(Note: This story was first published last week on The Heart of the Matter website. Readers wrote and wondered how it all turned out. I decided to republish the story here and tell the rest of the story today.)
"Mom, I have something to ask you. "My fourteen year old son said with a concerned look on his face as he walked into the kitchen.
“Sure, what’s up?” I replied as I continued to prepare dinner.
“You’ve taught us from the time we were little to listen and obey your instructions. And I think I do a pretty good job at that most of the time. (He breaks into a slight grin) But what am I supposed to do if I think you’re wrong about something? Not something like go clean your room, but something more important.”
“Well, say you have a house rule that I don’t think is right.”
“Maybe video games. I mean the Bible doesn’t say, thou shall not play video games? So what’s wrong with them and why don’t we have any?” (He seemed somewhat relieved to finally get the question out in the open.)
“What does the Bible say?”
“Are you sure?” I countered as I turned away from the stove and looked straight into his eyes.
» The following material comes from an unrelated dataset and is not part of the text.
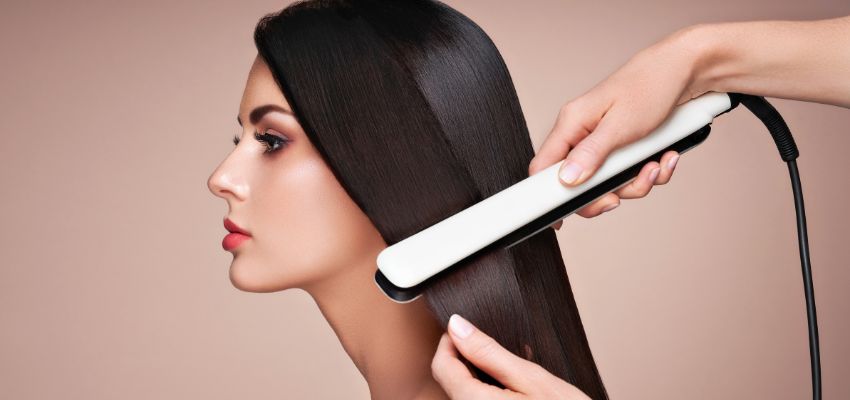 Woman’s hair being flat-ironed during a keratin treatment process.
“Mom, don’t be ridiculous. There were no video games back then.”
“Just because the Bible doesn’t talk about something specific, does that mean that video games are okay?”
“Let me think about that.” (He leaves the room and comes back with his Bible and a concordance. He looks up a few possible words and then comes back to me.)
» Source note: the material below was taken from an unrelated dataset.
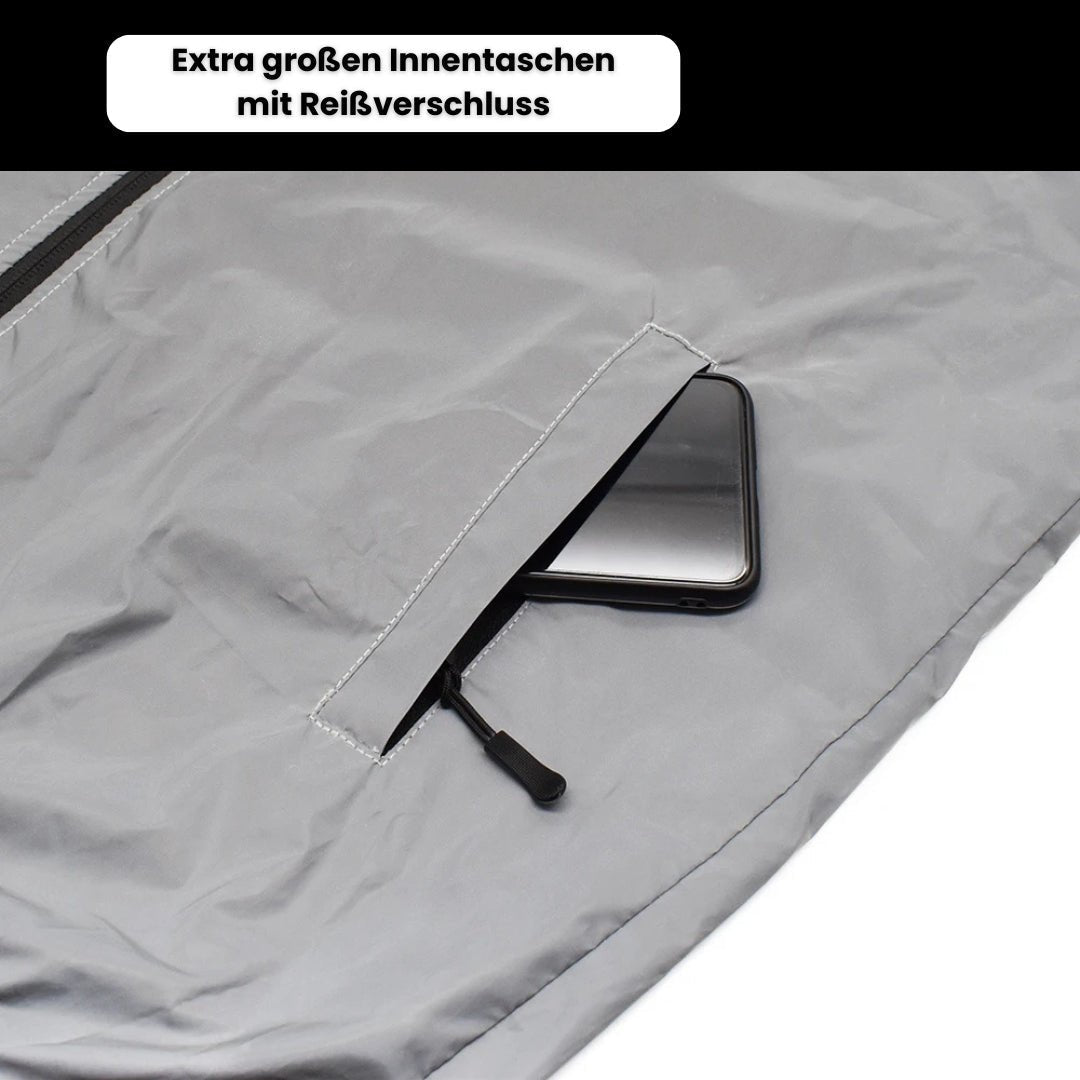 Grå jakke med stor indvendig lomme og lynlås, der viser en smartphone. Praktisk design til sikker opbevaring.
“Mom, I can’t find anything. What am I supposed to look up?”
I gave him a few suggestions and for the next hour or so he was consumed with finding out what the Bible had to say about entertainment and video games. I couldn’t have been more pleased. Not because he’s consumed with trying to convince me our decision was wrong, which he obviously was, but because he was willing to work hard to find out the Truth.
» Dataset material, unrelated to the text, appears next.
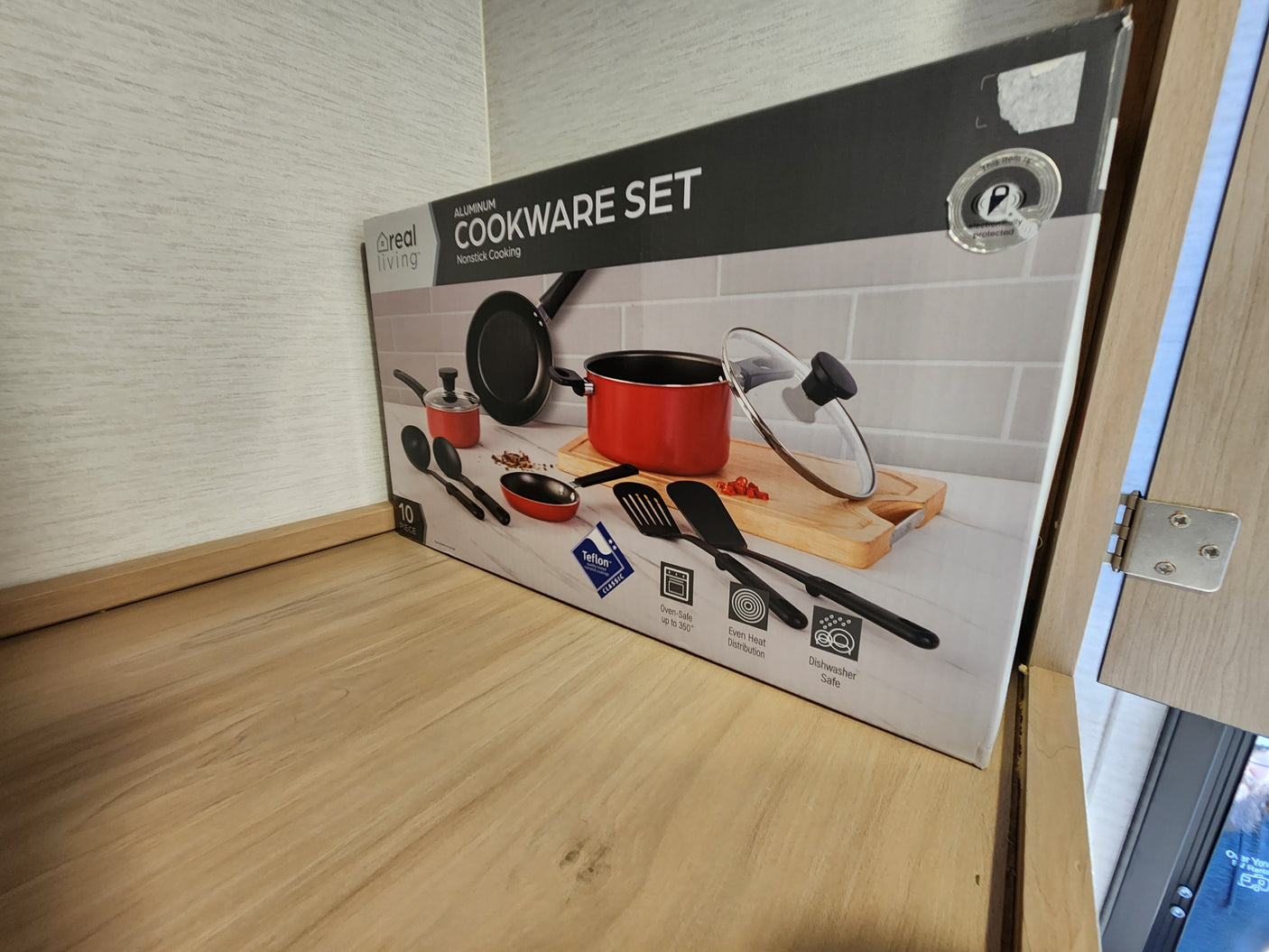 A Real Living Cookware Set box sits in an RV rental kitchen cupboard, ready for your next adventure.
When I was a new mom with toddlers under foot, older parents frequently said, “You think it’s tough now, just wait until they’re teenagers.” The terrible two’s were supposedly no match for the turbulent teens.
Well, a decade later, I concede that they were right up to a point. The teen years definitely require parents to be at the top of their game at all times. Since that day, many similar issues have come up where our teens have wondered why we do things the way we do. It’s also hard sometimes for a parent to accept that their questions aren’t because they are challenging our authority, but because they want to know Truth for themselves.
Later, I had a discussion with both of my teenage sons. They told me that growing up is difficult because some people don’t understand their desire to be men and they still treat them like little boys needing to be mothered. I must admit learning to let go isn’t easy. I enjoy seeing them mature into manhood, but selfishly I want them to be boys just a little longer. They also reminded me that it takes three things to make a relationship work: Two people who want to have a relationship and a shared interest.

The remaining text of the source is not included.